Spot on. This sort of out-of-the-box thinking is definitely one of the most
important things in the career of an engineer.

------
uniclaude
Yes, sometimes the data structure you need is either:

\- unavailable (in a permissive license in) the platform you're currently
using.

\- available with an unsatisfying implementation.

If you're lucky, your employer will allow you to contribute to open source
during your working hours so other developers won't need to re-implement it.

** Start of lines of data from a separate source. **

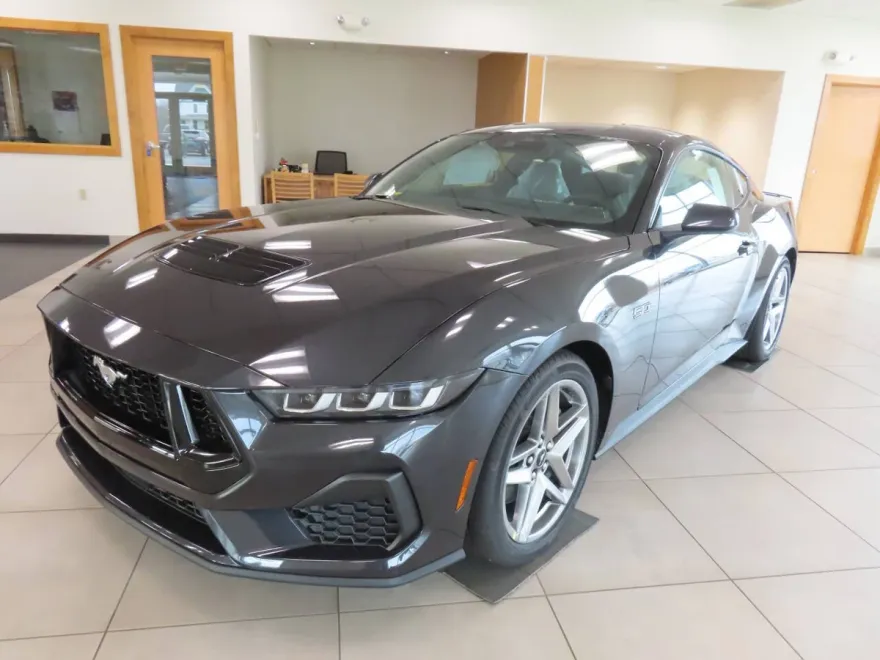 2024 Ford Mustang GT Premium photo 1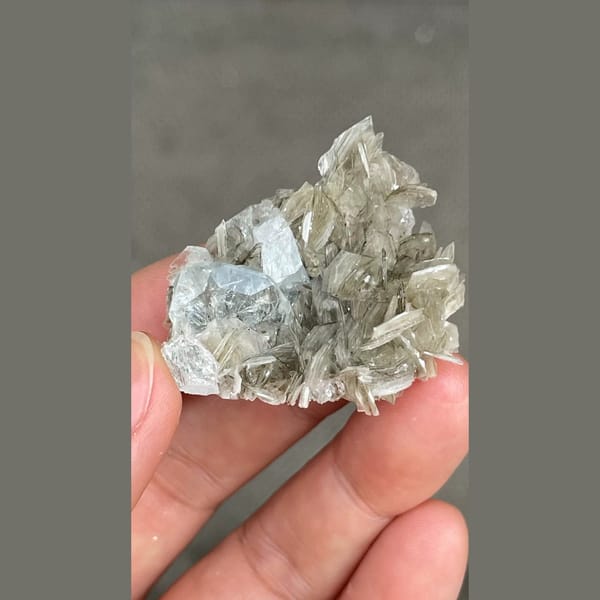 Aquamarine with Mica Xuebaoding 3.6 cm — complete view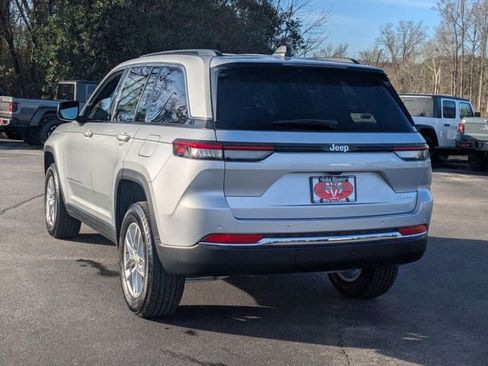 New 2025 Jeep Grand Cherokee Laredo X image 5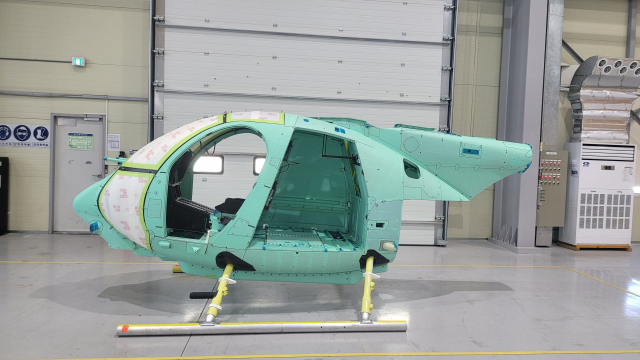 AH-7 헬기 동체.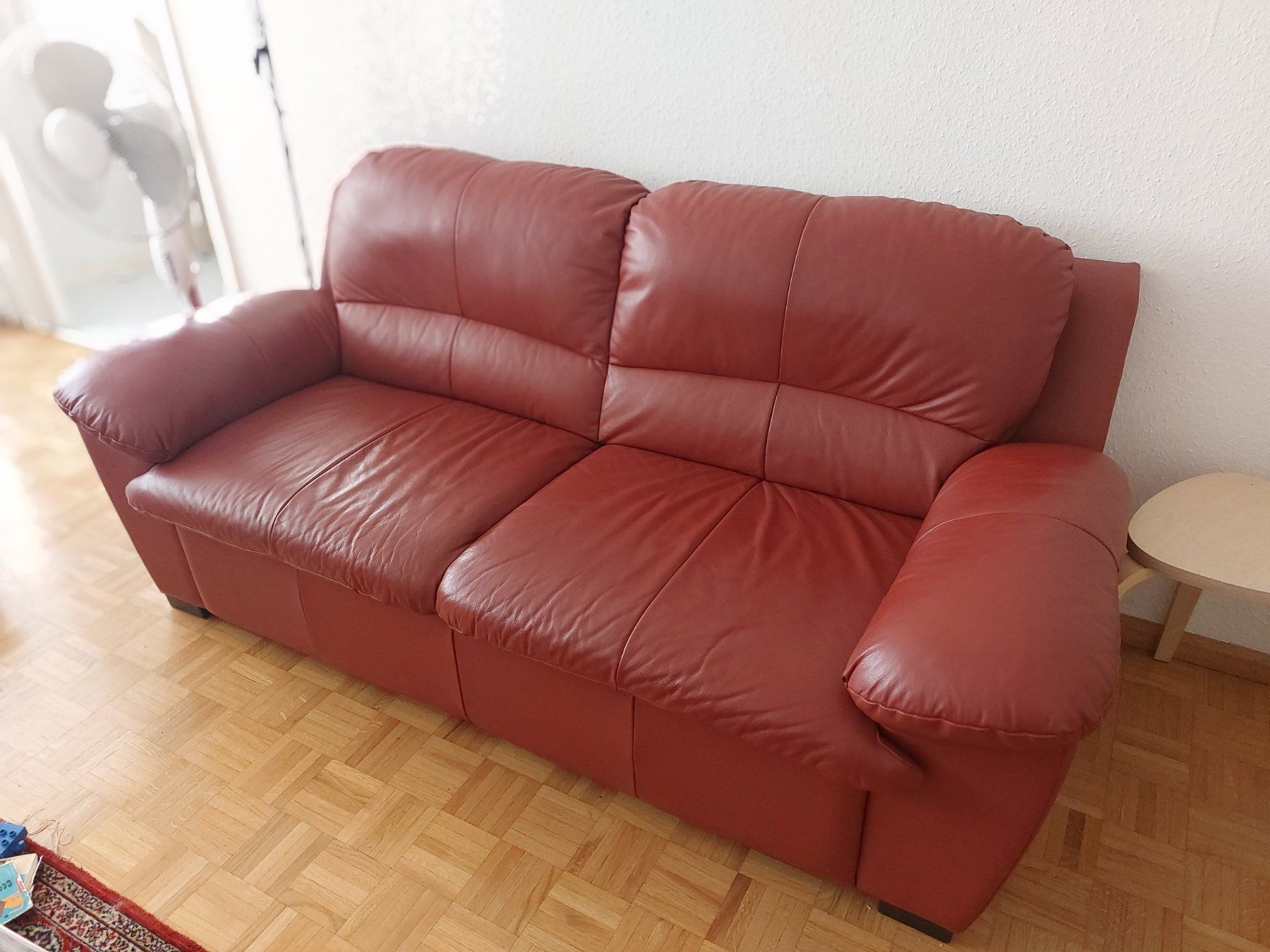 Sofas: 2 sofas, rote kunstleder, 2er und 3er, guter zustand – D'occasion à Allschwil par akbarfarshori 1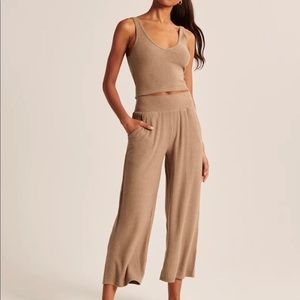 Abercrombie and Fire Cozy Ribbed Flared Crop Pants in Camel M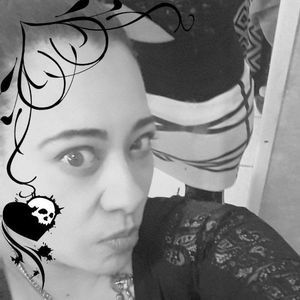 Meet your Posher, Lorena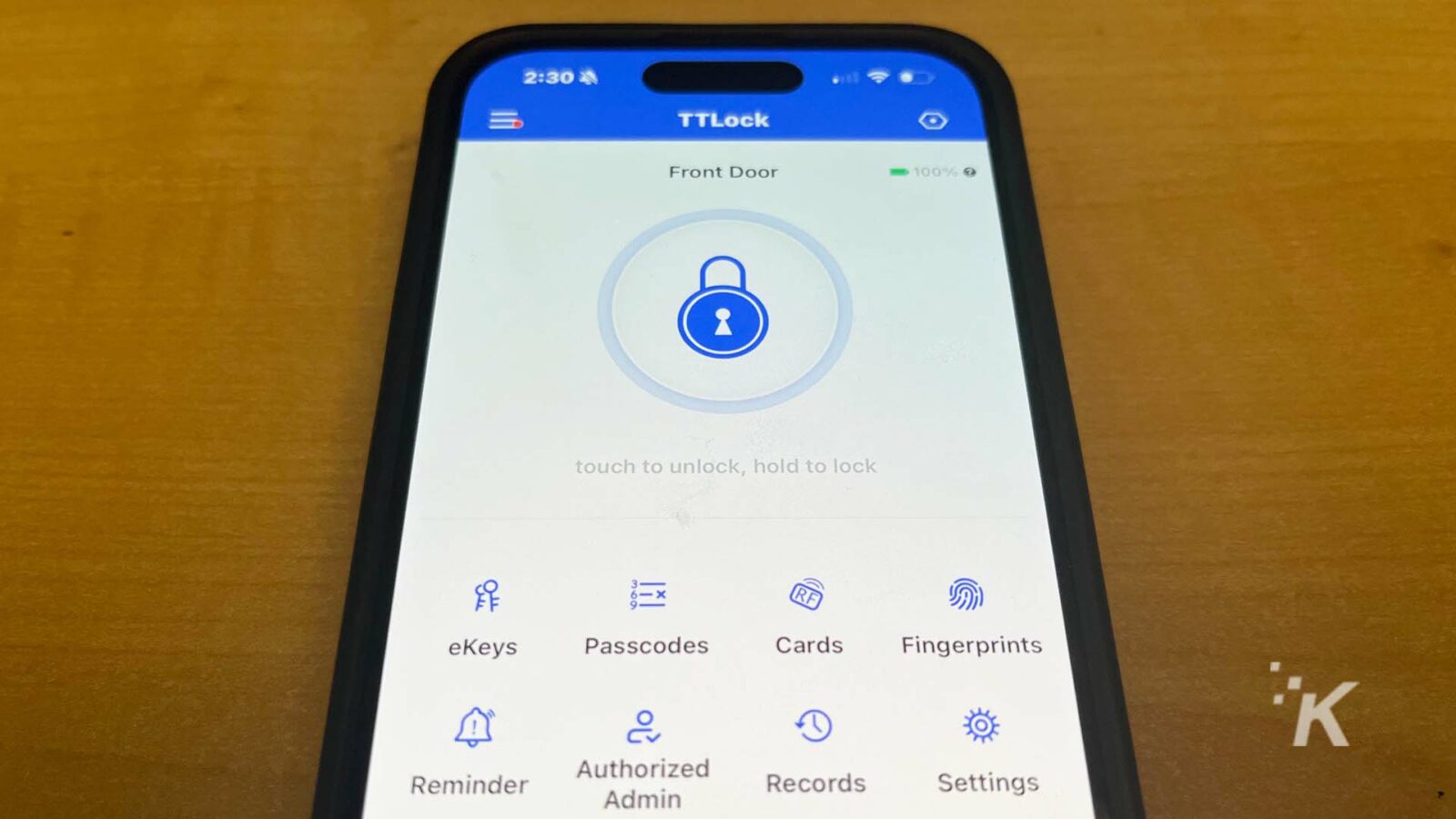 Application TTLock sur l'écran du téléphone affichant l'état de la porte d'entrée.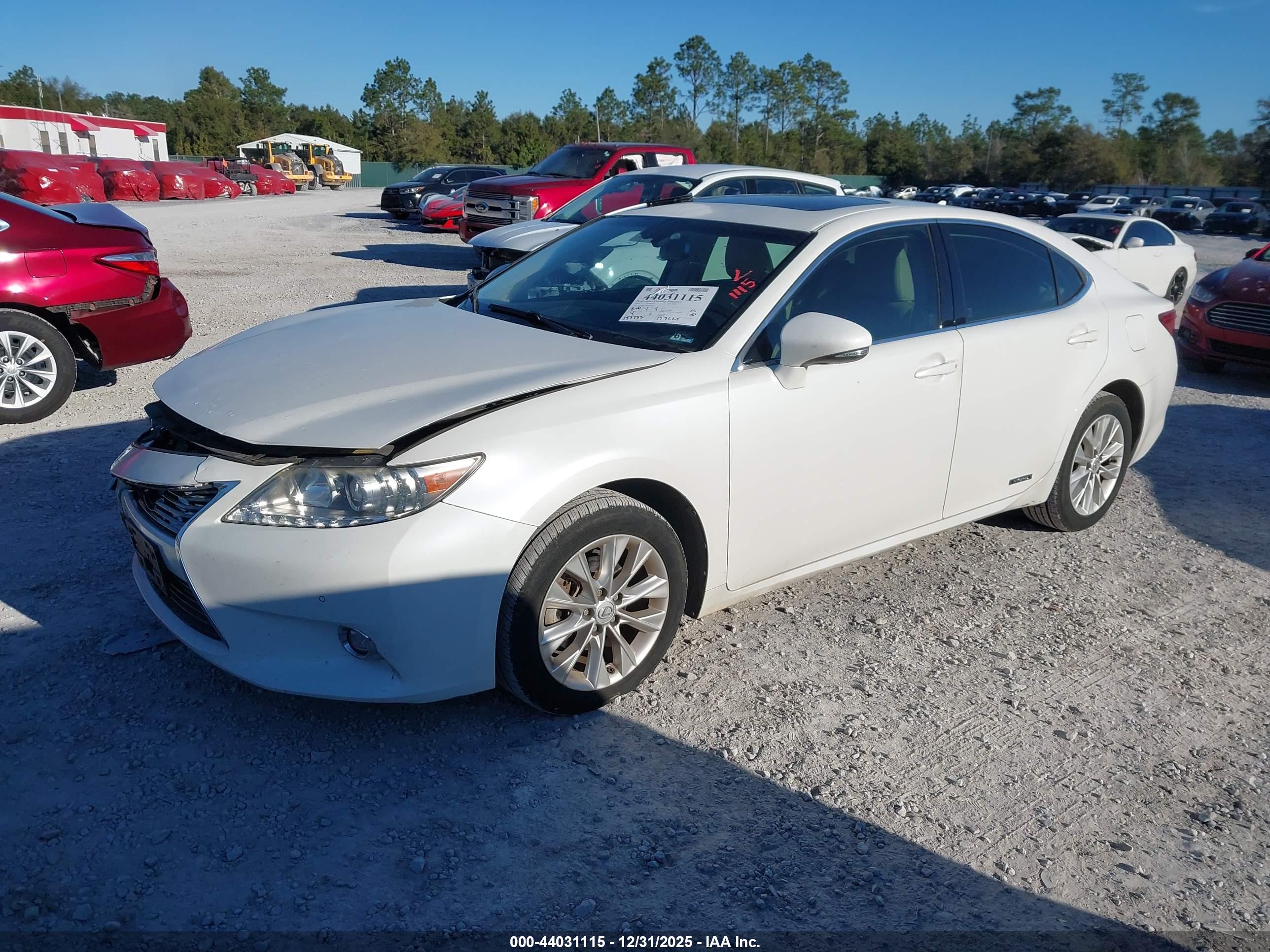 LEXUS ES image 2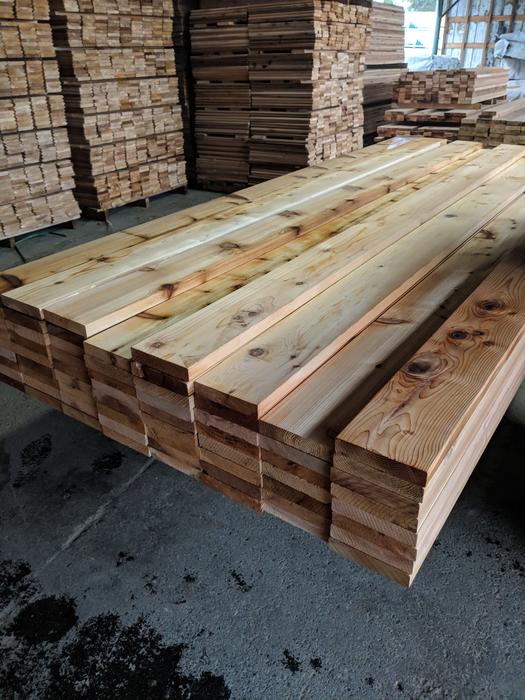 Cedar Tight Knot 5/4 x 6 EE Decking display photo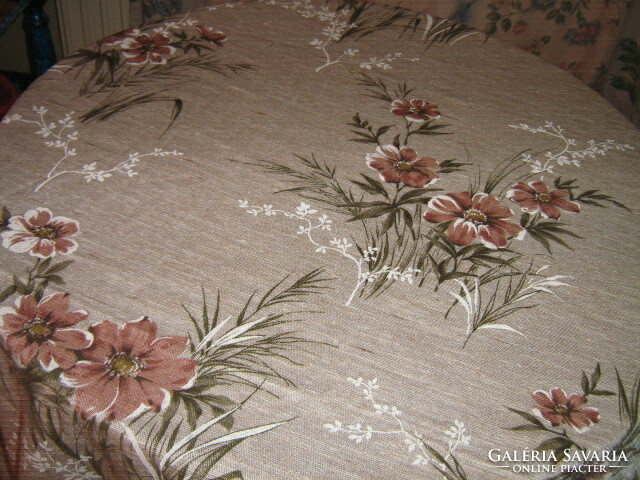 Wonderful vintage floral tablecloth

Now, if the question is about whether I needed to come up with a totally novel
data structure at the office, the answer is no in my case.

------
kafkaesq
Not every day but often enough, for sure. Usually it's really nothing special,
just a simple abstraction that helps prevent boilerplate accumulation and
possible error sources throughout the rest of the codebase (or head off
external dependencies).

For example, rather than import some all-things-to-all-people, infinitely
scalable graph theory package, sometimes it's better to just spend 45 minutes
writing a simple vertex-to-vertex map (to provide a piece of functionality
that you _know_ won't change).

Heck, sometimes it's even substantially quicker to roll your own data
structure than go searching for a mature library that claims to provide it
(and evaluate whether it's really properly maintained or won't otherwise
impose technical debt on your project). What's key is knowing when to make
that judgement call, of course.